Aim of the task – Without copying any picture, return all lines below exactly.

** Opening Given information block **

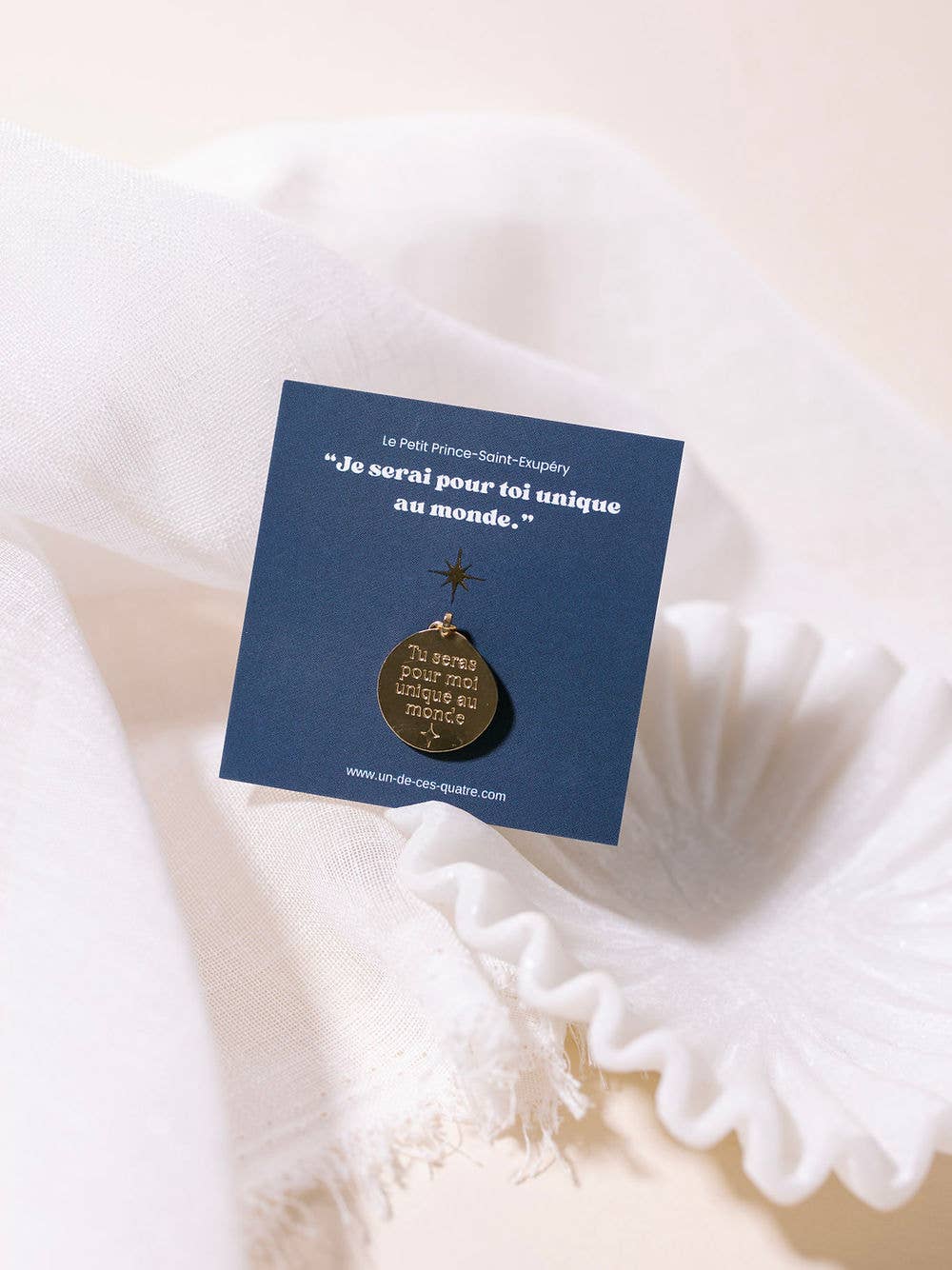 Un de ces Quatre – wholesale Individuell berlock/hänge – Hängsmycke "Unique in the world"1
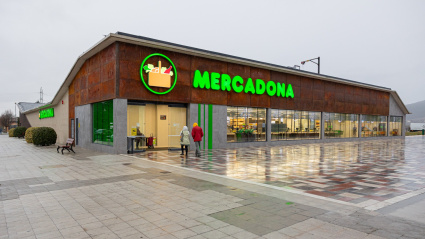 Mercadona reabre sus puertas y mejora el servicio a los clientes y trabajadores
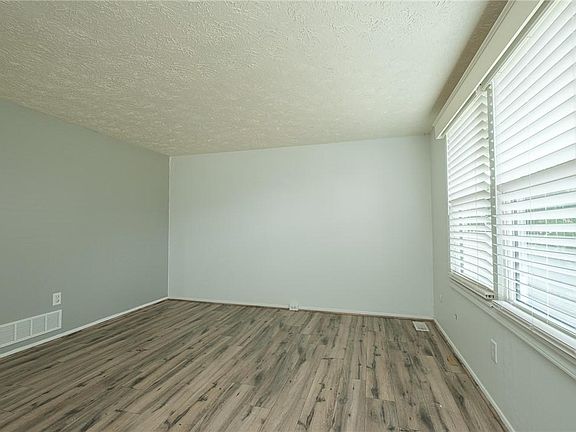 3rd image of 3086 Dara Dr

** Closing Given information block **

Answer for this exercise –
 Un de ces Quatre – wholesale Individuell berlock/hänge – Hängsmycke "Unique in the world"1
 Mercadona reabre sus puertas y mejora el servicio a los clientes y trabajadores
 3rd image of 3086 Dara Dr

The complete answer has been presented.